PROVIDED DATA.
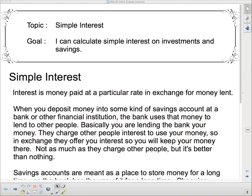Hello and welcome to a lesson on simple interest. Our goal today: I can calculate simple interest on investments and savings. Interest is money paid at a particular rate in exchange for money lent. If you borrow money, someone is lending it to you and you have to pay them for the privilege — that is called interest.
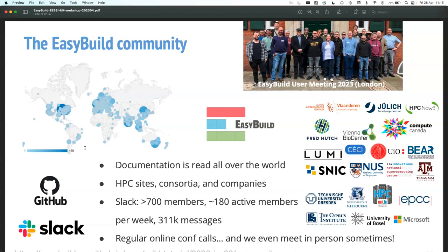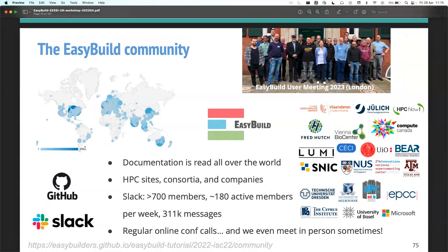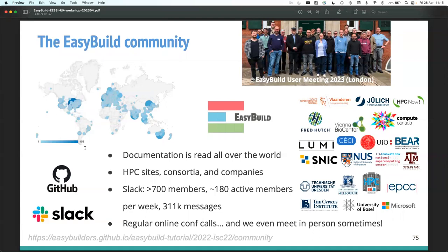We have a very active Slack channel with over 700 people. Looking at weekly active members, there are about 100 people actively talking, answering questions, and asking questions. Over the years we've had over 300,000 messages. The mailing list is gradually going down in activity and Slack is taking over. We also do regular conf calls — every two weeks we have an EasyBuild conf call where we give updates on recent development: what we're working on, how close we are to the next release, what's going to change, which bugs we're fixing. Every now and then we also try to have a physical meeting. We had one this week — our annual EasyBuild user meeting, the first physical one since the COVID pandemic.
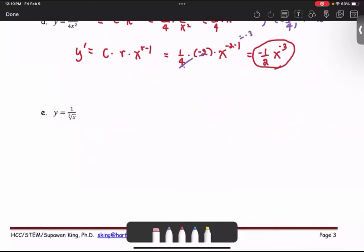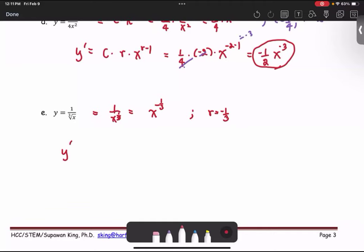For example e, the cube root is the power 1 over 3. We rewrite this reciprocal function as x to the power negative 1 over 3. In this case, there is no coefficient, so c is 1, and r equals negative 1 over 3. Using the power rule, the derivative becomes r times x to the power r minus 1, or negative 1 over 3 times x to the power negative 1 over 3 minus 1. Simplifying gives negative 1 third times x to the power negative 4 over 3.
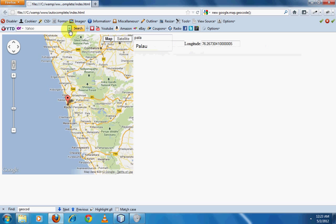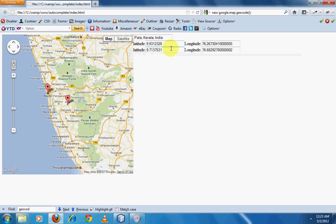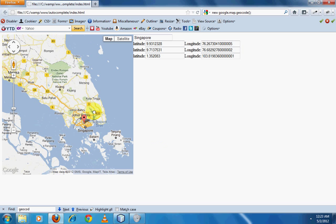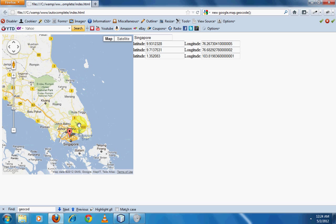Testing multiple searches — my hometown, a nearby place, and Singapore — each shows the latitude and longitude being captured and displayed correctly in the input boxes. That's the end of the tutorial. It's a tricky one, so please leave your doubts in the comments below. Thank you for watching, and subscribe if you like these tutorials.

EXERCISE REQUIREMENTS. Begin at the line containing "For example e, the" and restate exactly every line through the end of the material, skipping the pictures.

SOLUTION.
For example e, the cube root is the power 1 over 3. We rewrite this reciprocal function as x to the power negative 1 over 3. In this case, there is no coefficient, so c is 1, and r equals negative 1 over 3. Using the power rule, the derivative becomes r times x to the power r minus 1, or negative 1 over 3 times x to the power negative 1 over 3 minus 1. Simplifying gives negative 1 third times x to the power negative 4 over 3.
Testing multiple searches — my hometown, a nearby place, and Singapore — each shows the latitude and longitude being captured and displayed correctly in the input boxes. That's the end of the tutorial. It's a tricky one, so please leave your doubts in the comments below. Thank you for watching, and subscribe if you like these tutorials.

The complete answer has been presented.